Cuando se define la autonomía universitaria como la capacidad inherente a la institución de determinarse a sí misma, se pone el acento sobre el aspecto instrumental del principio autonómico. Ahora bien, este no solo debe definirse por su valor factual, su utilidad de artefacto. En realidad, el núcleo de su definición es su vocación de perfectibilidad. Esta noción —la perfectibilidad— entraña el cambio, el cambio constructivo: lo que es aceptablemente bueno puede ser bueno del todo, y lo que es bueno del todo puede ser aún mejor, en una secuencia de progreso ilimitado.

Quien se proclama autonomista y se opone al cambio es a lo sumo un conservador, bien del tipo malicioso, bien del ingenuo, un peligro en ambos casos. El conservadurismo es lo opuesto al ser universitario. Del conservadurismo al purismo tradicionalista hay apenas un paso. Las tradiciones son buenas, cuando sirven de contrapeso a la propensión disgregativa, al atribuir sentido a la memoria del pasado. Dejan de serlo y se convierten en fidelidades inerciales, y aun en fuerzas regresivas, al erigirse en escollos retrospectivos que estorban el cambio necesario.

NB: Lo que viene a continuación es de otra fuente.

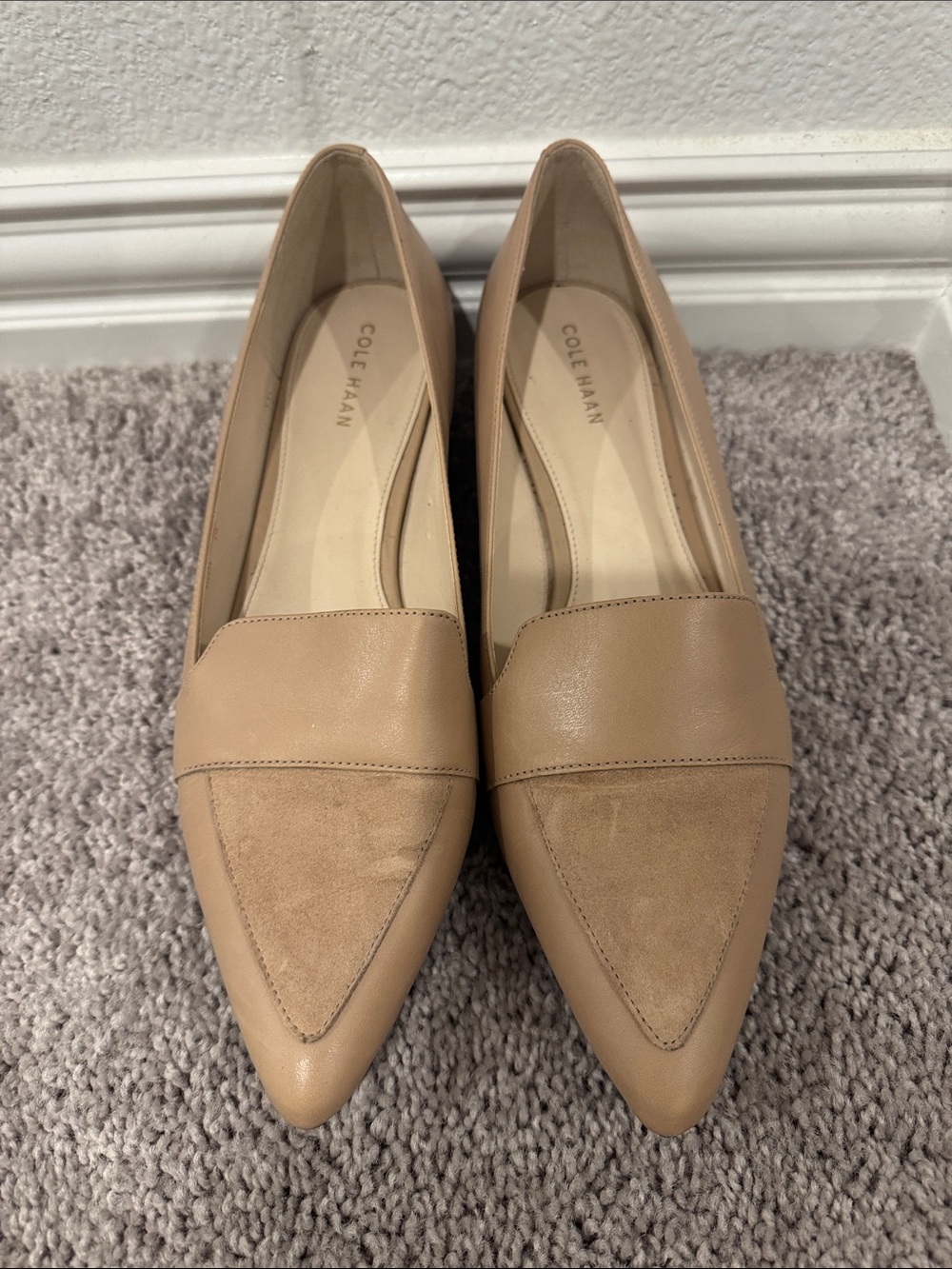 Cole Haan Beige Leather and Suede Pointed-Toe Flats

¿Tendría que cambiar hoy la universidad? No cabe duda. Lo ha hecho durante su casi milenaria trayectoria, para sobreponerse a las acechanzas de los poderes religioso y secular, en un periplo iniciado en la baja Edad Media. Un dispositivo institucional consagrado a la creación intelectual, al conocimiento científico, a la reflexión humanística, a la sensibilidad estética obedece a un dinamismo entrañable, a la energía de la pulsión innovadora, al vértigo del descubrimiento y la invención. No sorprenderá entonces que su voluntad cognoscente se proyecte con idéntica legitimidad hacia el mundo tanto como hacia sí misma.

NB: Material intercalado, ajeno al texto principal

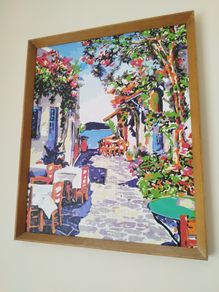Hand painted framed painting for sale.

Que sus facultades críticas y sus destrezas analíticas se apliquen al autoescrutinio responde a una exigencia intrínseca, no impuesta desde el exterior: la necesidad de renovarse íntimamente, de enriquecer sus medios de actuación, de prescindir de lo anticuado, de volver a negociar consigo misma el delicado compromiso entre identidad y transformación. Es una necesidad, en resumen, de perfeccionarse para ser mejor.

Los enemigos de la universidad también proclaman las bondades del cambio. Ya otras veces han esgrimido los preceptos rituales de la «transformación». ¿Cuáles cambios, para qué, hacia dónde, cómo emprenderlos? Quieren cambiarla no para que sea mejor sino para instituir su servidumbre, para transformarla en otra cosa, adulterarla, adocenarla mellando el filo de su originalidad ingénita, empujándola a una inanidad crepuscular mientras se entregan a febriles madrugonazos legislativos.

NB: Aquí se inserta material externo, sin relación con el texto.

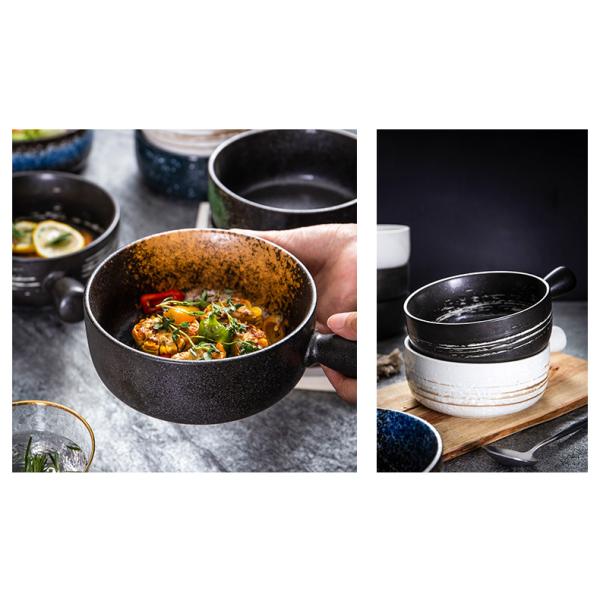 Restaurants LFGB Black Porcelain Dinnerware Contemporary Handled Porcelain Bowl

Proponen entonces modificaciones de su estructura y sus prácticas, incompatibles con el ser universitario. Lo muestran inequívocamente las oprobiosas sentencias del Tribunal Supremo de Justicia que ordenan a la universidad hacer elecciones en condiciones inadmisibles. Lo revelan también las decisiones del Ministerio de Educación Universitaria, ya al pretender «priorizar» ciertas carreras, ya al imponer a las universidades un régimen evaluativo del desempeño institucional que quizás reprobaría el sedicente evaluador. Los enemigos de la universidad convocan a su negación y perpetran sin atenuantes un delito de lesa ontología.

En las actuales circunstancias hablar de autonomía y reivindicar el estado de cosas que aquella consagra puede valer como primera línea de defensa de la institución. Pero esta reacción preservadora no será suficiente, porque reduce la estrategia defensiva a un antagonismo simplista, un pulso cuyo desenlace favorecerá al poder. Frente a la agresión continua no le bastará a la universidad con desempolvar los viejos títulos. Es imperioso enarbolar nuevas razones basadas en una profunda evaluación de sí misma, una sincera introspección. Y para eso está allí la autonomía: para infundirle el aliento que la transforme sin negarla, que la confirme sin fosilizarla, que la haga fuerte y no pétrea.


Víctor Rago A., profesor de la Universidad Central de Venezuela.